In Python you can make your own array class as a child of the numpy array class (np.ndarray). I have done this and let my class have a different standard display method (like Image in Julia) and also dimension functionality (like DimensionalData). When the base class (np.ndarray) does “its job” it simply does not care and does not need to know that the structure is really longer. It also relies on some standard mechanisms to not loose those extra members. Numpy already has a mechanism in place that can “rewrap” its result back into you derived type. All you need to do is to overwrite this wrapup function and it pretty much works out of the box. The main point I am making here is that np.ndarray is agnostic about what other classes may be derived from it and it can still “do its job” (i.e. calculations on arrays) and even return the derived type, if wanted. Some sort of finalize function is called provides you with the necessary information to for example carry over the dimension information (e.g. via “similar” construction). Wrt “who should win” in OOP an object can be both, an instance of its own class as well as being an instance of all parent classes (including their data structure).
I do understand and appreciate that Julia on purpose does not support this, but then it would be nice to have an easy-to-use generally accepted rewrapping mechanism in place. Maybe “Adapt” does this, but I did not yet have a look at it.

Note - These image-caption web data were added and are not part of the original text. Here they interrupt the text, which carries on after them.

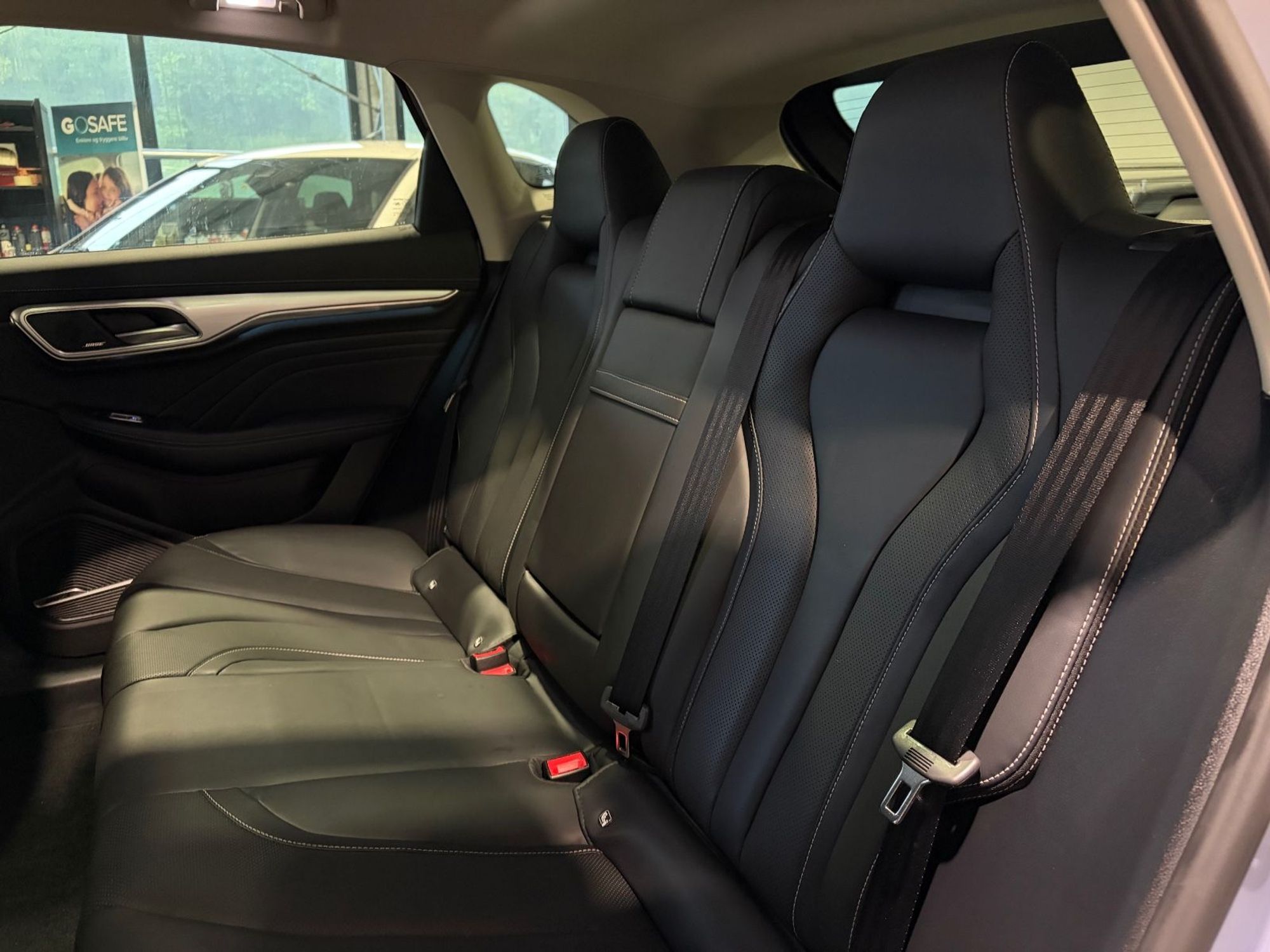 MG Marvel R Performance Automatic, 288hp, 2022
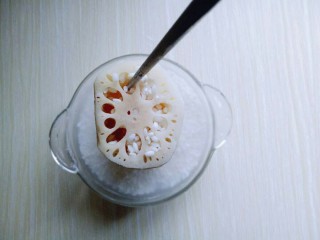 5、#甜味##简单的零食#糯米糖藕,可以借助一根筷子适当填满，填实。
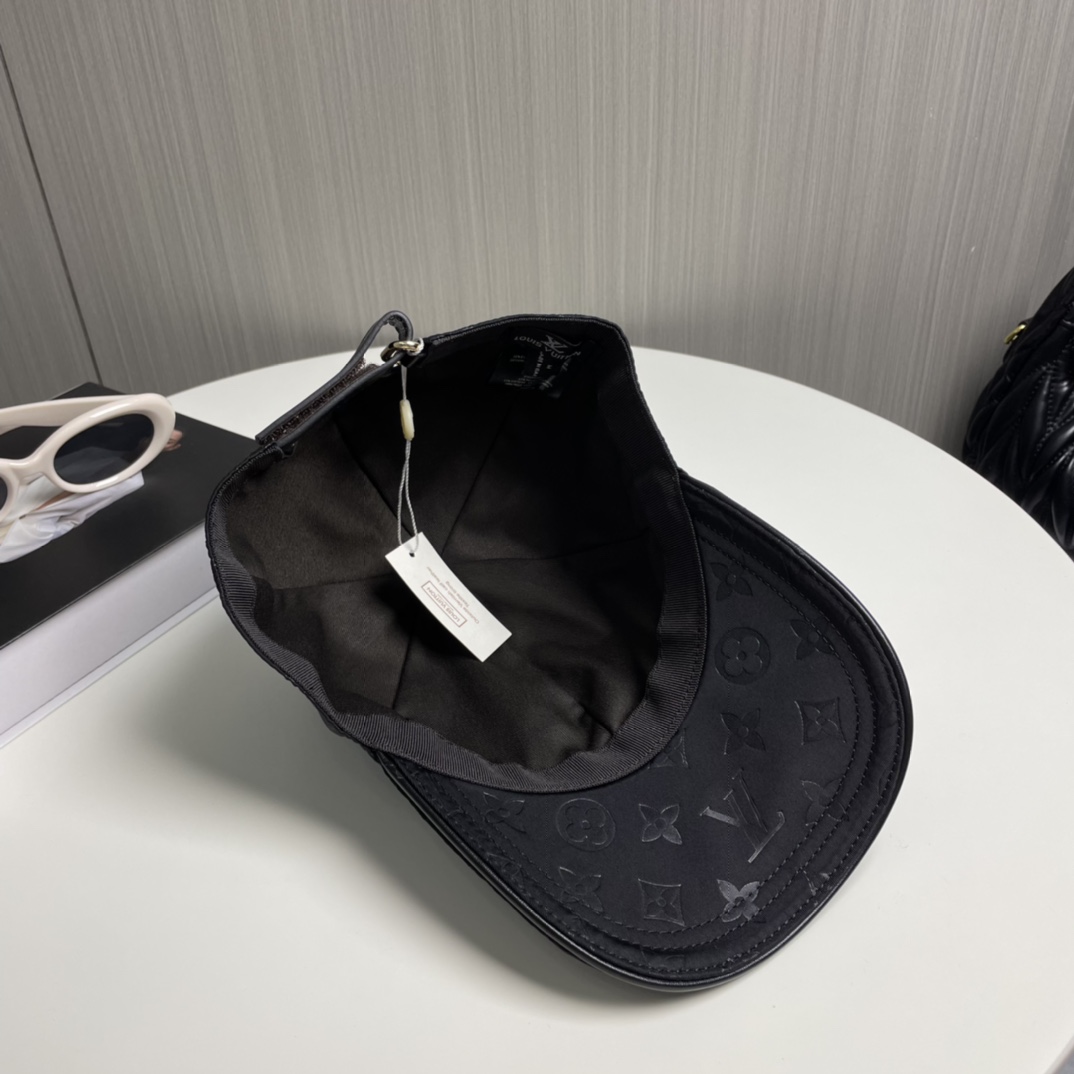 LV路易威登新款原单棒球帽1:1开模订制原版印花绸缎面料做工细致完美质量超赞基础头围56贴片可调节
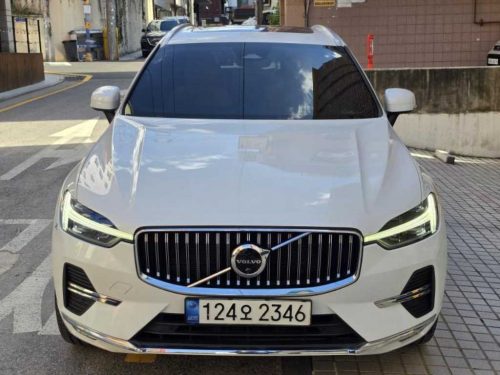 볼보 XC60(2세대) B5 AWD 인스크립션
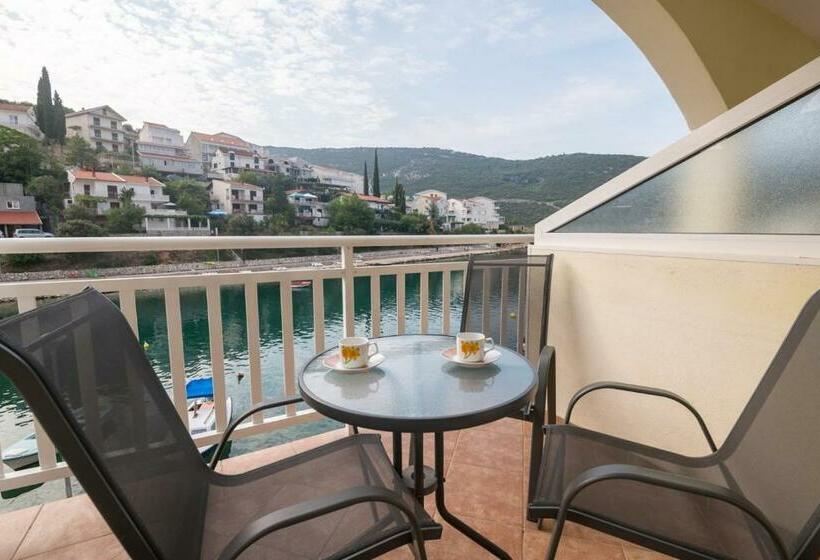 آپارتمان 1 خوابه, Apartments Vesna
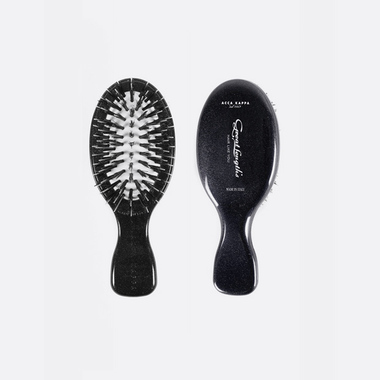 ACCA KAPPA BRUSH SMALL (&copy; Great Lengths)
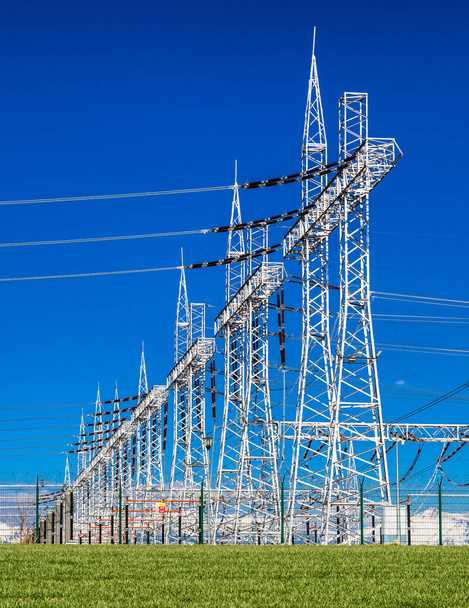 Γραμμή ισχύος πύργου υψηλής τάσης για ηλεκτρισμό και γαλάζιο ουρανό - Φωτογραφία, εικόνα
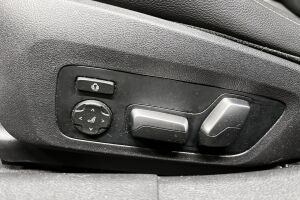 BMW 3-sarja esikatselu 19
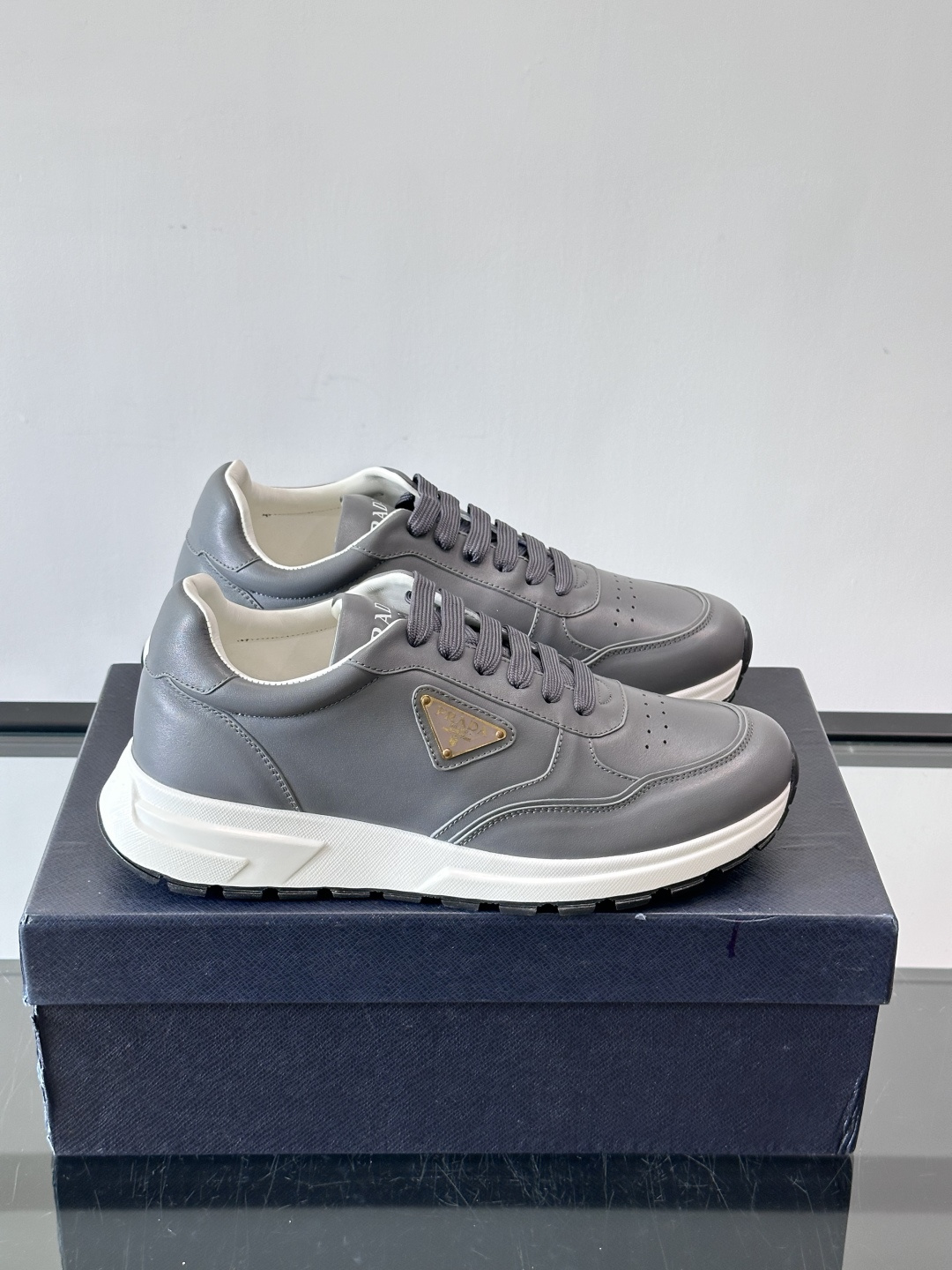 Prada男款三角标厚底运动鞋，牛皮革+经典三角标，低调奢华感满满✨。厚底设计不仅增高，还超舒适，日常穿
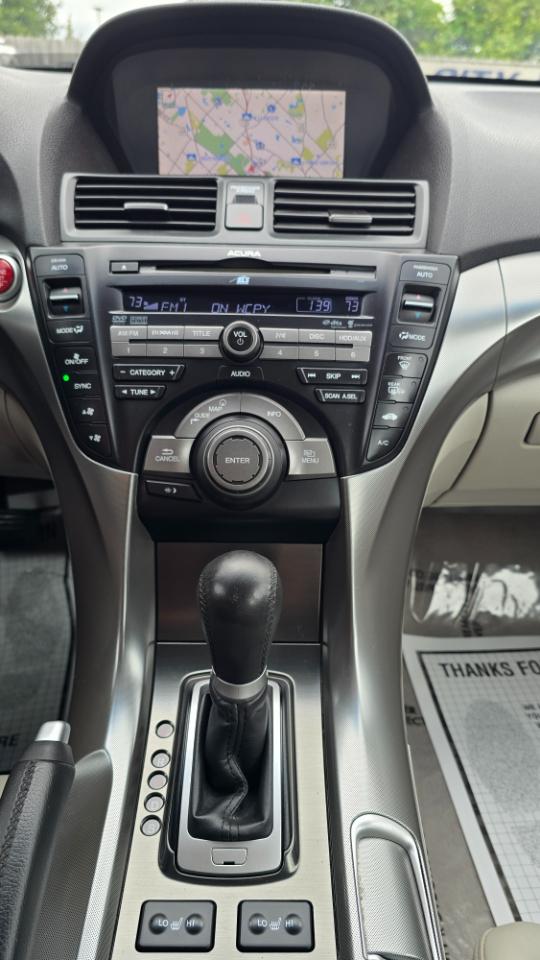 Acura TL 5-Speed AT with Tech Package 2010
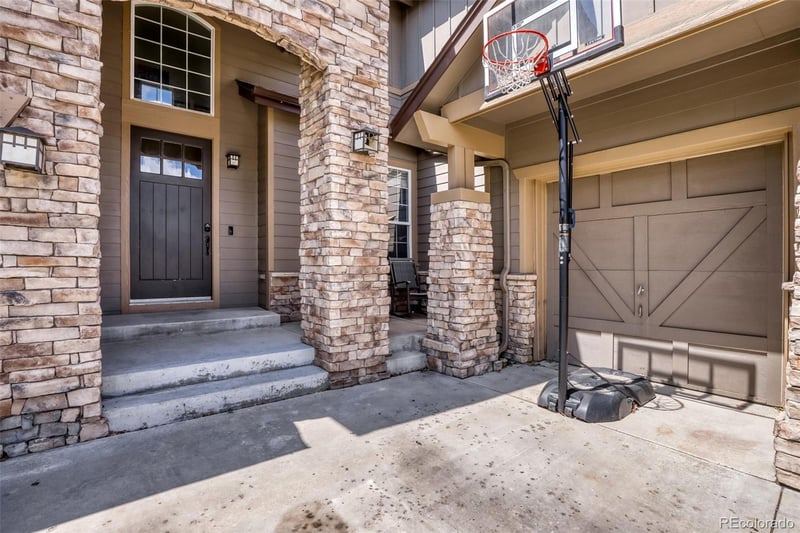 24476 Fremont Dr, Aurora, CO 80016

I think from a user perspective there are two possible ways:

  1. The ecosystem has a generally agreed way of rewrapping
  2. The user has an easy way to define which package should be working with which other package(s).

I do think that this is really a practical problem in Julia as currently this problem of combining features appears to be common. E.g. try to calculate with the Image class. Even if you deprecate AxisArrays.jl, many other subtypes of AbstractArray quickly lose their nice properties when it comes to working with views which limits their practical use. It may well be easier to keep track of dimension information separated from the arrays than to deal with the various propagation problems.

But you are extending the type yourself! The key point of misunderstanding here is that PaddedViews.jl does not extend AbstractDimArray or DimensionalData.jl at all.

If it did, that would also just work. Thats what a GeoArray does.

AbstractDimArray is entirely agnostic about what classes are derived from it. It was intentionally written as a generalised abstraction, where AxisArray isn’t (one of the reasons I wrote a new package). Of course, they need to define the fields again, or define diferent fields with new methods that point to them (it’s a method based interface, fields are never accessed directly). But that’s a minor problem compared to what you are talking about.

You are asking for completely separate objects to be rewrapped, which is an orthogonal problem to inheritance - it’s about having a widely implemented shared interface.

So, just so we’re clear: PaddedView is not an instance of AbstractDimArray. There is no inheritance involved here.